In the 1997 movie Liar, Liar, white actor and comic tour de force Jim Carrey prattles off this ditty without even a hint of tongue-in-cheek side eye:

“Where would Tina Turner be right now if she’d rolled over and said ‘hit me again Ike! And put some stank on it!’”

That line is operating on so-o-o-o-o many levels that to take it apart for whites,…well, you either come from a social and cultural background where you get it and you pee your pants at the recondite comic dare he took, or you just have to let that one go and keep it moving. Now understand that Jim Carrey spent his formative years on a comedy show with an almost all black cast. A black cast where most of them were siblings and cousins too, so he witnessed the kind of humor that comes from the laxity only being around black family upends, and could know how to deliver that line in such a way as to both say it properly AND manage to parody his own white self at the same time.

Hmm. And I’ve still never heard him assert any right to use the word “nigger.” Discuss.

I, for the record, detest the word, and its pop culture augmentation “niggah.” I acknowledge black comedian Dave Chappell as all the genius he’s been heralded as, but I never watched his t.v. show during its original run. My ears couldn’t tolerate his overuse of that word. I do not run in the kinds of social circles where that word is used frequently, and anyone’s insistence on using it regularly around me, whether they be white or black, is a deal-breaker for me.

One audience participant came to the microphone during the Q&A and asked theoretically what possible affirmative value is there for white people in using that word? That got me to thinking and for I think the first time, I got a pure glimpse of why some black people would still see an affirmative value in it.

After America chained us, beat us, legally declared us ⅗ of a person, broke apart our families, burned us out of our legally acquired homes and land, lynched us by the thousands, deprived us of channels to competent education, told us without cessation that we’re nothing, and bestowed upon a people every degradation one would heap upon a group so debased as to be called “niggah”, we’re still here. Still rising. So, in a way, for blacks to use that word among themselves is to spit in the face of a society that would rather we just quietly go away and to say “call us whatever the –eff you want. We’re still here! What other names you got? We’ll –eff that up too, and keep coming!”
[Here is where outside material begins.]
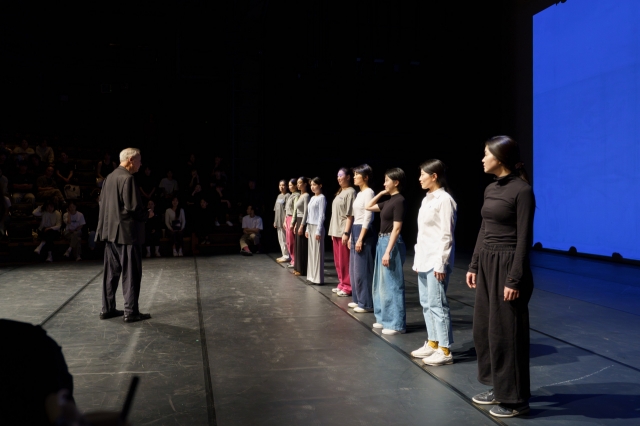 Robert Wilson (left) speaks to students and young actors during a workshop at the Drama Center in central Seoul on Nov. 23. (Seoul Institute of the Arts)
Even with that, I still will not be using the word. And if this is a best case scenario for its usage, it begs the question again what possible affirmative value is there for white people in using this word? Kinship? Not if, like in my earlier example “girlfriend” with my gay cohorts, white people can jump in and out of what that word means when the going gets really tough.

Ultimately Bradwell gave this excellent reasoning for abolishing use of the word among kids during the time school officials have charge over them. Faculty has a responsibility to the safety and wellbeing of each and every student. In the same vein as not allowing “fire!” in a crowded theater, curtailing some speech and other liberties of individuals is a part of that responsibility. Drop the mic right here, you can’t argue around that.

A young man approached towards the end, strong and tall as an oak, and told us he has both black and white parents. His white friends assert their right to use that word around him despite his objection, and can’t understand why he’d be bothered by it since he is part white himself. The young man asked Bradwell for advice on handling that situation.

Man, if that ain’t white supremacy in its boldest incarnation I don’t know what is. Can you imagine an entire school district of adults needing to parcel out an evening of their week because the peers of white Richard want to challenge his right not to be called Dick?”